One of the biggest attractions in this Midwest US Hub city is called The Museum of World Treasures. Does it live up to that name? Locals think so but I was less convinced. I will admit that my reaction to this place changed dramatically and moved toward general acceptance as I looked around.
Dr. Jon Kardatzke is the man responsible for this museum. He and his traveling wife Lorna began as serious collectors of Roman coins. We talked to their daughter as we exited the Museum of World Treasures, and she tried to get Ruth and me to accept a balloon because it was a visitor appreciation day. There are lots of those.
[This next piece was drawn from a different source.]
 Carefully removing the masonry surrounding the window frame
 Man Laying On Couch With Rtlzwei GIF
A 1998 basement flood got the Kardatzkes to consider a museum to house their growing collection, and this location in downtown Wichita opened in 2003. According to Wikipedia this Museum of World Treasures is not accredited by the American Alliance of Museums, but The Smithsonian is listed as a partner. This museum is dedicated to bringing history alive for kids, and they were there in great numbers that day. I could not tell if they were benefiting from the displays or not. It is clearly a diverse collection of stuff, and 30 private collectors have contributed to what you see. There are fun facts scattered through certain areas that do entertain if you take the time to stop and read them.
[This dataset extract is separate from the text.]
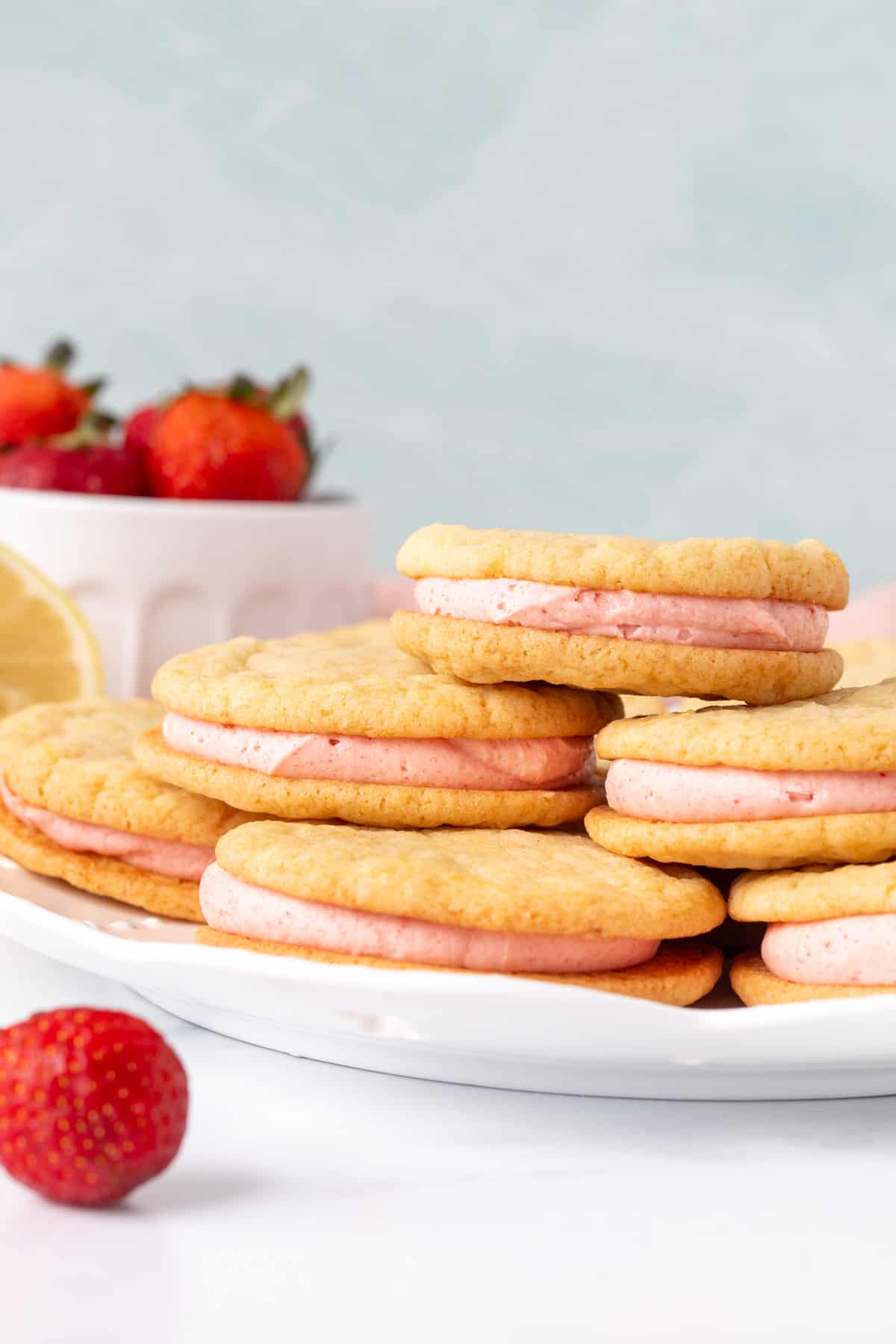 Plate of lemon sandwich cookies with strawberry frosting, with cookies on top of each other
So, what are the real treasures in this museum? There are some real dinosaur bones. The star of this museum is a mostly intact Tyrannosaurus Rex named Ivan. You can see female Egyptian mummies, the signatures of all US Presidents, a section of the Berlin Wall, a real shrunken head, a number of Civil War uniforms, etc. One sign promised that a Joe Biden signature was coming. Ivan was found in 2007 and stands near the entrance with some other reassembled animals. I saw marine fossils, documents from the Middle Ages, weapons from all of the American wars, some first editions. The people looking around at these so-called treasures except for the man who disdained the Old West Exhibit on the 3rd floor not too far from Ivan’s Playhouse were often clearly enraptured and loving the experience of being here.
This facility has apparently charmed travel services such as Tripadvisor. The many Greek vessels on display seemed genuine, but I was the only visitor looking at them. Going in, I asked the young female ticket taker what her favorite area was. She thought it over and decided that the Viet Nam War section was the most winning. I looked at it first and saw induction papers and recruitment posters, and I read many draft facts. In other words, it was routine and somewhat predictable for someone my age. I enjoyed seeing a Pontius Pilate coin and the Greek and Roman artifacts, but the only person that I spoke to who was similarly engaged was an older female volunteer who was bent on me enjoying my experience here. I was, kind of, but found most of what I saw pedestrian at best compared to other history museums.